Exploring the Angkor ruins and relaxing in Siem Reap (Cambodia)

Let me first admit my ignorance about Angkor.  I had seen photographs of Angkor Wat.  Sure, it was beautiful and a must see for a tourist.  But I had no idea before this trip that Angkor Wat is only one structure, among 70+ other temples and palaces that have survived since Angkor’s fall from prevalance in 1431.  They are both Hindu and Buddhist in flavor.  The Angkor ruins are a must see and well worth the crazy $40, 3 day pass admission fee. 

We decided to take a tuk tuk with driver on our first day, to catch sunrise over Angkor Wat and then some of the ruins that are further away.  On our second day we rented bicycles from our guesthouse and cycled around the complex.  Here’s a quick overview.

First – sunrise over Angkor Wat.  We hate mornings but this was magical.  We joined about 150 other people, cameras pointing east, and I tried to grab some interesting shots by changing the settings on my camera.

Angkor Wat, sun just beginning to rise

Pre dawn over Angkor Wat

Sun up!
We hopped in the tuk tuk and Mr. Naray took us out to Banteay Srei, a temple 15 miles from the main complex.   The carvings at Banteay Srei are particularly detailed.  It is called the “Citadel of Women” due to the intricate carvings. 

Banteay Srei
We also went to Pre Rup, East Mebon, Banteay Samre, Ta Som, Neak Pean, and Preah Kahn. 

Carvings of Aspara dancers like this are all over the ruins
“Ruining” is hard work.  Actually, the sun and all the climbing up and down and over ruins is exhausting.  Lucky for us, we found the best guesthouse in Siem Reap: Sam So Guesthouse.

We’ve stayed in a lot of places during our travels and Sam So and his family were the nicest people we’ve encountered (outside of friends and family of course!).  We spend a couple evenings chatting over cold beers with Sam So and his family.  http://samsoguesthouse.com/

One other night we tried this $3 BBQ place across the street from our guesthouse.  They brought a little grill with a steamer top to our table and we cooked lots of squid, noodles, and veggies.  Yum.


DIY BBQ place
On day two we rented bicycles and explored the main temple complex.  It took about 40 minutes to get from our guesthouse to Angkor Wat, going at a leisurely pace on our single speeds.

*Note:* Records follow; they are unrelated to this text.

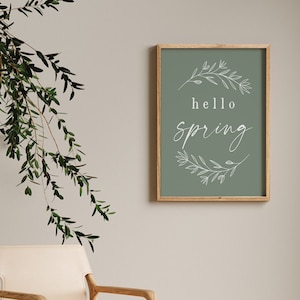 Letrero de Hola Primavera / Letrero de Madera con Marco de Primavera / Decoración de Primavera de Estilo Rural / Arte de Pared Rústico / Letreros para Primavera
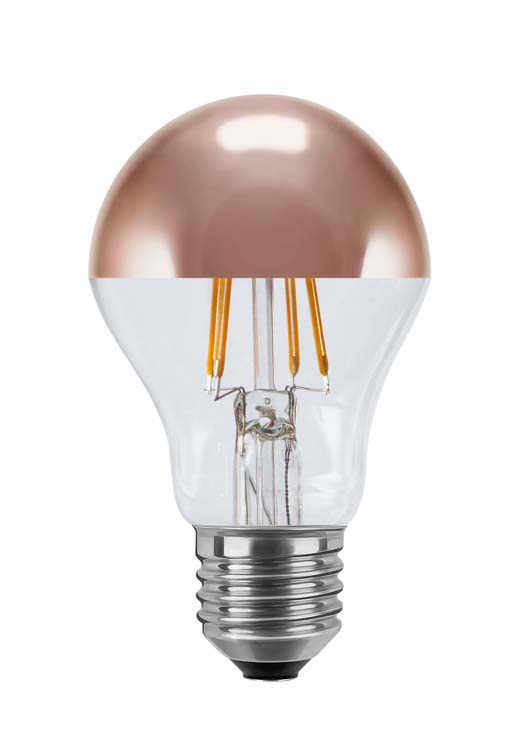 LED lamp met spiegelkop koper - Vintage - E27 - 3W - E27 - 2700K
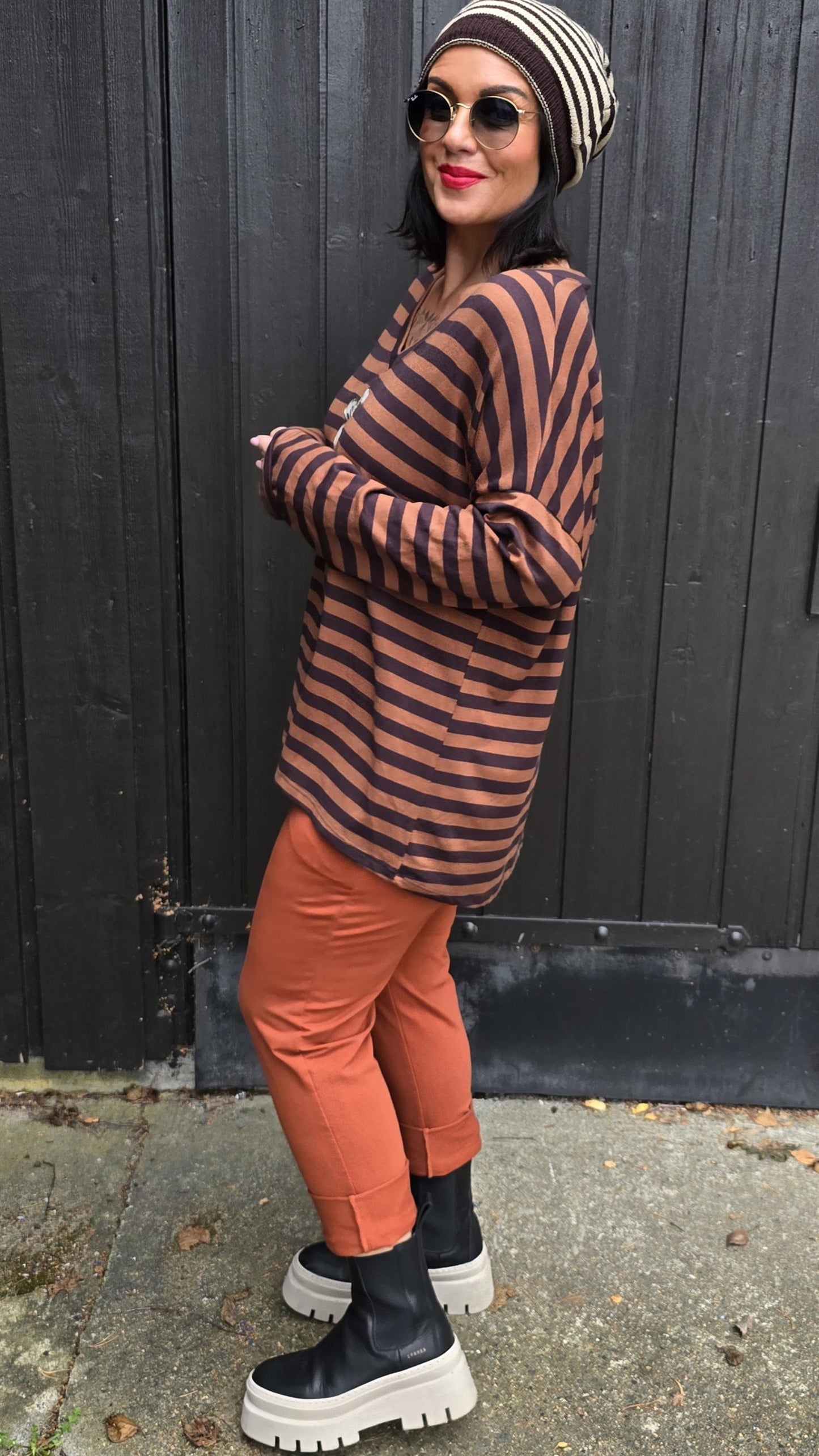Elisa stripete topp brun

Brandon with our bicycles!
We cycled first to Ta Prohm, most famous now for its appearance in Tomb Raider.  It used to be the home of 12,000+ people.  

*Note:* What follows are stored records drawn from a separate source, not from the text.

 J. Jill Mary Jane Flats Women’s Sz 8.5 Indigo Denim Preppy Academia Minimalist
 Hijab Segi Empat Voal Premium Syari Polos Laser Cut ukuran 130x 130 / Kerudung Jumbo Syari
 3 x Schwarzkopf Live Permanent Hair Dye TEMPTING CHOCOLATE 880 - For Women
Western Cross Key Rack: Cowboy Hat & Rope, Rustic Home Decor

A tree has ‘eaten’ this building (Ta Prohm)
We stopped at Ta Keo, a temple that’s not as popular with tour groups but pleasantly surprised us.  The climb to the top was super steep and the climb down was not for those with fear of heights!

Ta Keo – those are steep steps
We also went to the Terrace of the Leper King, the Terrace of the Elephants, Thommanon, Phimeanakas.  Pictures on Flickr! 

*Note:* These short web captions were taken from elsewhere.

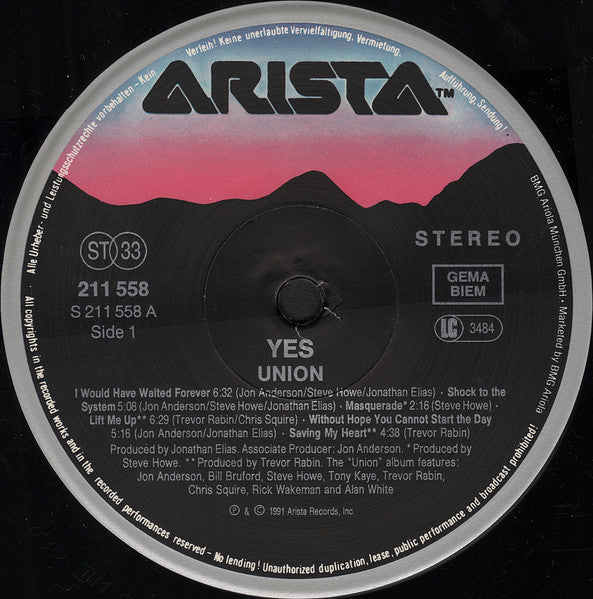 Image of Label Cover of LP - VG/VG - YES, Union (Arista; 211 558, UK 1991, Inner), Strong VG. Sticker mark to sleeve varnish.,  - 3616076C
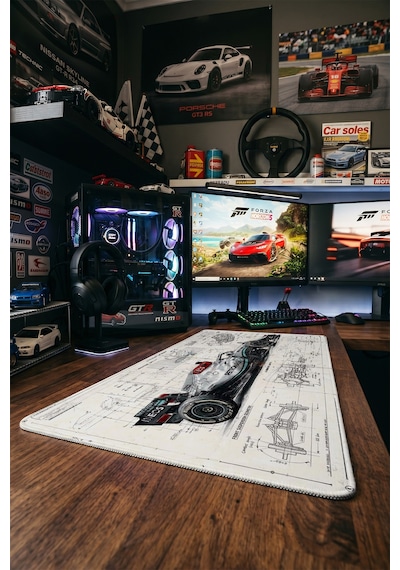 Mercedes Amg Petronas Formula 1 Teknik Çizim 40x90 Cm Oyuncu Mousepad Kaymaz Taban Büyük Boy Mousepad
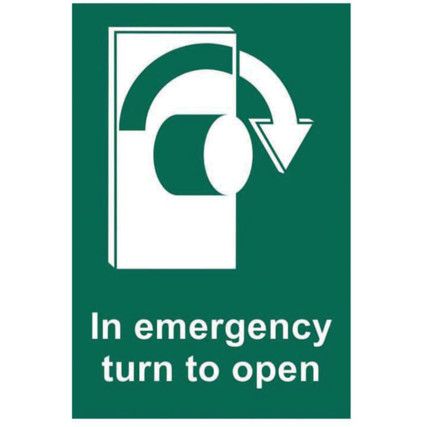 IN EMERGENCY TURN TO OPEN (RIGHT)- RPVC (100 X 150MM)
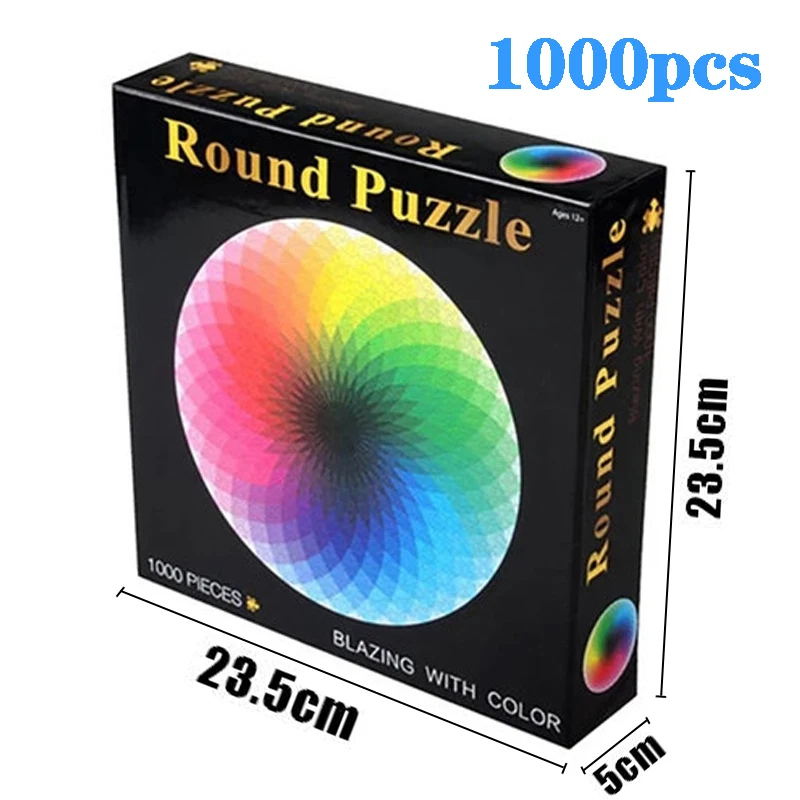 

1000 pcs/set Colorful Rainbow Round Geometrical Photo Puzzle Adult Kids DIY Educational Reduce Stress Toy Jigsaw Puzzle Gift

Our last two stops were the two most popular: Bayon and Angkor Wat.

Bayon is the temple with all the faces. They are stunning but also a little creepy.  There are 216 faces in Bayon – some day its the face of the King Jayavarman VII, other say its the face of the Buddha of Compassion (it’s worth noting that the currently Dalai Lama is the reincarnation of the Buddha of Compassion, Avalokiteshvara).


Going for a perfect circle, we ended the day at Angkor Wat.  

By that time, our butts hurt from the cycling (it’s been a while!).  What better way to fix that than spending a couple hours at the Blue Pumpkin, an awesome cafe with big couches where you can lean back, legs reclined, and catch up on some communiques!